Nuland outlined reforms which the US ought to implement in anticipation of future influence campaigns. The US needs a framework to bring together its various intelligence agencies, technology experts and business leaders, similar to the coordinated restructuring on counter-terrorism implemented after 9/11. She highlighted tech companies as especially vulnerable due to the incentives against cooperation or sharing of information and design. The US government has an opportunity to build a framework to guarantee intellectual property and encourage tech companies to come together and discuss shared vulnerabilities in design, code, and supply chain that expose them to foreign exploitation.

Internationally there is need for similar coordination, allowing both flexibility and cooperation between countries. Terras noted there is no single public response which would work just as well in Estonia as it does in the US, so NATO members should retain flexibility on how best to counter disinformation and propaganda. At the same time, there is a need for greater cooperation between allied intelligence services in identifying culprits and international solidarity in ascribing blame.

The trickiest issue may be domestic political messaging. The panel discussed the importance of informing the public on hybrid warfare without overstating its effects. Publicly acknowledging and attributing foiled attacks is a key tool for discouraging future attempts. Acknowledging the problem is also a necessary step in educating the public on critical reading and cyber security skills.

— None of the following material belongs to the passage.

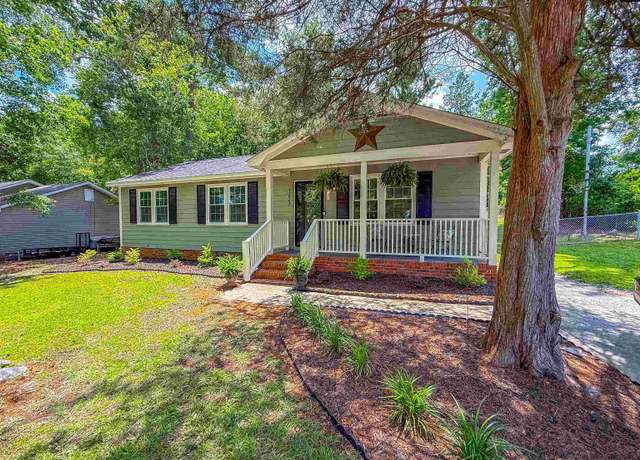 Property at 153 Meadow Wood Dr, Lexington, SC 29073, 3 beds, 1.5 baths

At the same time, Rid warned of the risk of over-estimating the effects of foreign interference on domestic politics. In reality the effects of these methods are short-term, serving mostly to exploit existing domestic divides. Nations must maintain a faith in the efficacy of their own institutions and public discourse. The tendency to blame all domestic issues on foreign adversaries is itself characteristic of authoritarian countries.

The issue of appropriate response is more open to debate. States could counter with cyberattacks of their own. Aside from the risks of escalation, the panel discussed the risks inherent to cyber weapons: they are difficult to aim, easily attributed, and easily turned against their makers by adversaries. Other measures like sanctions and attribution of attacks to individual hackers can also deter and demoralize hybrid warfare attempts. No clear decision was reached on the most effective form of deterrence, but the panel agreed that the efforts made by the US and its allies to date have been insufficient.